### YOUR GOAL
Retype, word for word, every line from the one holding "Chanel Chanel Blue" through the one holding "Inflatable Travel Foot" in the entries below, both included, and only those lines.

Items from a dataset
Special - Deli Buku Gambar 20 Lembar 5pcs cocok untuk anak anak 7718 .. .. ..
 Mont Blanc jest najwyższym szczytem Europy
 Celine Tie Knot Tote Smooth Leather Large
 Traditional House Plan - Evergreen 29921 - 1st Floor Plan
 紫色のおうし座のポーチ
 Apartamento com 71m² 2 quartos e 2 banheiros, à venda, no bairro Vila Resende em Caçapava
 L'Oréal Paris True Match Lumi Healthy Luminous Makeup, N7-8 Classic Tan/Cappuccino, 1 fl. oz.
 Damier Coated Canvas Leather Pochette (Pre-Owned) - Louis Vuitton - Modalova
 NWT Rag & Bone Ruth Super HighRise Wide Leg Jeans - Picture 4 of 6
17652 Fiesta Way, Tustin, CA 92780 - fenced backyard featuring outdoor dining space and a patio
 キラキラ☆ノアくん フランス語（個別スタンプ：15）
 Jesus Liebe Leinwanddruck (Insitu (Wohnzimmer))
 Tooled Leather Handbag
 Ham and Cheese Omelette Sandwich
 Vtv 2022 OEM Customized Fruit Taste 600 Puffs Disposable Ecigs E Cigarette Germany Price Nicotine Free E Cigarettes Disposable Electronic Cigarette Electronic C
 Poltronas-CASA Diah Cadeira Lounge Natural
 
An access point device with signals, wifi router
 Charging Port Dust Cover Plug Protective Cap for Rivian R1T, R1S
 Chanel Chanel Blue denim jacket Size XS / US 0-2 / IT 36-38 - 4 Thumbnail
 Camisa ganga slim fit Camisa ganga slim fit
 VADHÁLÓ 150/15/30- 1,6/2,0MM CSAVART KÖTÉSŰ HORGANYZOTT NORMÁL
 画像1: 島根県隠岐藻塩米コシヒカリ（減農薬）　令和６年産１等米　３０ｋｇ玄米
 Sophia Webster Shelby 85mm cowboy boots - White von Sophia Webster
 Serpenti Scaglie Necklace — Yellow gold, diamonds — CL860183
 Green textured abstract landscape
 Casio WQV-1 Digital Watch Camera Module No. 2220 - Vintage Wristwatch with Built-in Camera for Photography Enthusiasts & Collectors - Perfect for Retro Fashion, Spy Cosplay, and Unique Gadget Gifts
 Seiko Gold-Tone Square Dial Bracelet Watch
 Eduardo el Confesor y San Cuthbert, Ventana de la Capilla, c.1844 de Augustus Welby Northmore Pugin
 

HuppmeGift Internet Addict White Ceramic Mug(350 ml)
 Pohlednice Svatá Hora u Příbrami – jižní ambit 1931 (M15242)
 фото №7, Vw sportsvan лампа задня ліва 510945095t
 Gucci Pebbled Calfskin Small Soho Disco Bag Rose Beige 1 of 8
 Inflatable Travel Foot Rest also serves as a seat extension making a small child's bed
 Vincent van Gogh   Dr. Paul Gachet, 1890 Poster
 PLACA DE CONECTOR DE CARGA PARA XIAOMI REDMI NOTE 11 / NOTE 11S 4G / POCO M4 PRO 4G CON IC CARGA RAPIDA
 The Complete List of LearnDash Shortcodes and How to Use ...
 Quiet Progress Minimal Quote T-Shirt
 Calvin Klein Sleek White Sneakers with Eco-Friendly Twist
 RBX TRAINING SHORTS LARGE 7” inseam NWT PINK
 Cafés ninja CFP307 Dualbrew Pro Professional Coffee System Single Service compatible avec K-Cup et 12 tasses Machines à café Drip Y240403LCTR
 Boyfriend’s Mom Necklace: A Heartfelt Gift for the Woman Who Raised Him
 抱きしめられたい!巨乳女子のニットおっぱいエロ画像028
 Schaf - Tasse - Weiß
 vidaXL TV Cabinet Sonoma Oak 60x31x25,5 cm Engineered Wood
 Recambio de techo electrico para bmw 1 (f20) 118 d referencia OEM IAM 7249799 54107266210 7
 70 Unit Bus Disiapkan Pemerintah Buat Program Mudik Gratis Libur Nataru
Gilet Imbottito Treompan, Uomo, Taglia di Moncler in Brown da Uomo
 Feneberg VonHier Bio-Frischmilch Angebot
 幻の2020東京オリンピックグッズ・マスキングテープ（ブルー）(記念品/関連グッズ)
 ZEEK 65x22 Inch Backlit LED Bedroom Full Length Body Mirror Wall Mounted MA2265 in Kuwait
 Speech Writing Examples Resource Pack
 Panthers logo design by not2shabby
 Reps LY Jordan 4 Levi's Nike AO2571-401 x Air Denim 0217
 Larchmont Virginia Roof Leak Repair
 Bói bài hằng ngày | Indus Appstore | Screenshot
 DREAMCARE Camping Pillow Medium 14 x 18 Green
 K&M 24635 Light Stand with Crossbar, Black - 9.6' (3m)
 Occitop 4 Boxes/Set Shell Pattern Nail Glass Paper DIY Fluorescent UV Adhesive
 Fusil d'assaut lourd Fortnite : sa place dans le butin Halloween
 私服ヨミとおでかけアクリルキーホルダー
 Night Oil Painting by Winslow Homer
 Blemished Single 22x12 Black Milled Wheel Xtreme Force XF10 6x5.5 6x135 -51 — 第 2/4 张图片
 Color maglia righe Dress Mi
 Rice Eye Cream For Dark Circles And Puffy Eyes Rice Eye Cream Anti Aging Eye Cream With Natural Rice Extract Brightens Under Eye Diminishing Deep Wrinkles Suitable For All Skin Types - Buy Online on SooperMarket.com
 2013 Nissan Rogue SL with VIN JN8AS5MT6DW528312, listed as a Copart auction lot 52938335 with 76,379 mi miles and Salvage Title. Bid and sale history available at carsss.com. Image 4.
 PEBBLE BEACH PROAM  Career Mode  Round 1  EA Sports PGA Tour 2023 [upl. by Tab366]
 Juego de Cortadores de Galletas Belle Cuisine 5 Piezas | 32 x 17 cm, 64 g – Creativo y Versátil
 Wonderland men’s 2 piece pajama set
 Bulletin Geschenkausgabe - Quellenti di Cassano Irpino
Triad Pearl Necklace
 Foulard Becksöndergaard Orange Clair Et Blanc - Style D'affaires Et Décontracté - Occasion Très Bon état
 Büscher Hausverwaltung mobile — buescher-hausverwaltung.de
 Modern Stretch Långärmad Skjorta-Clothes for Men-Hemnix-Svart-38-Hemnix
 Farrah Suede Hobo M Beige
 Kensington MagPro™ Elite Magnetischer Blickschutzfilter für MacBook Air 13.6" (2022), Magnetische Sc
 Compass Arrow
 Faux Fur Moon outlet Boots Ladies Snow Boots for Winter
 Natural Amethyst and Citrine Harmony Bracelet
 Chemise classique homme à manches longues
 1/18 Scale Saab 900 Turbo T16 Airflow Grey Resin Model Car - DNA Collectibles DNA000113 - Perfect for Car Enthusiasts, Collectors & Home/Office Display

### YOUR SOLUTION
 Chanel Chanel Blue denim jacket Size XS / US 0-2 / IT 36-38 - 4 Thumbnail
 Camisa ganga slim fit Camisa ganga slim fit
 VADHÁLÓ 150/15/30- 1,6/2,0MM CSAVART KÖTÉSŰ HORGANYZOTT NORMÁL
 画像1: 島根県隠岐藻塩米コシヒカリ（減農薬）　令和６年産１等米　３０ｋｇ玄米
 Sophia Webster Shelby 85mm cowboy boots - White von Sophia Webster
 Serpenti Scaglie Necklace — Yellow gold, diamonds — CL860183
 Green textured abstract landscape
 Casio WQV-1 Digital Watch Camera Module No. 2220 - Vintage Wristwatch with Built-in Camera for Photography Enthusiasts & Collectors - Perfect for Retro Fashion, Spy Cosplay, and Unique Gadget Gifts
 Seiko Gold-Tone Square Dial Bracelet Watch
 Eduardo el Confesor y San Cuthbert, Ventana de la Capilla, c.1844 de Augustus Welby Northmore Pugin
 

HuppmeGift Internet Addict White Ceramic Mug(350 ml)
 Pohlednice Svatá Hora u Příbrami – jižní ambit 1931 (M15242)
 фото №7, Vw sportsvan лампа задня ліва 510945095t
 Gucci Pebbled Calfskin Small Soho Disco Bag Rose Beige 1 of 8
 Inflatable Travel Foot Rest also serves as a seat extension making a small child's bed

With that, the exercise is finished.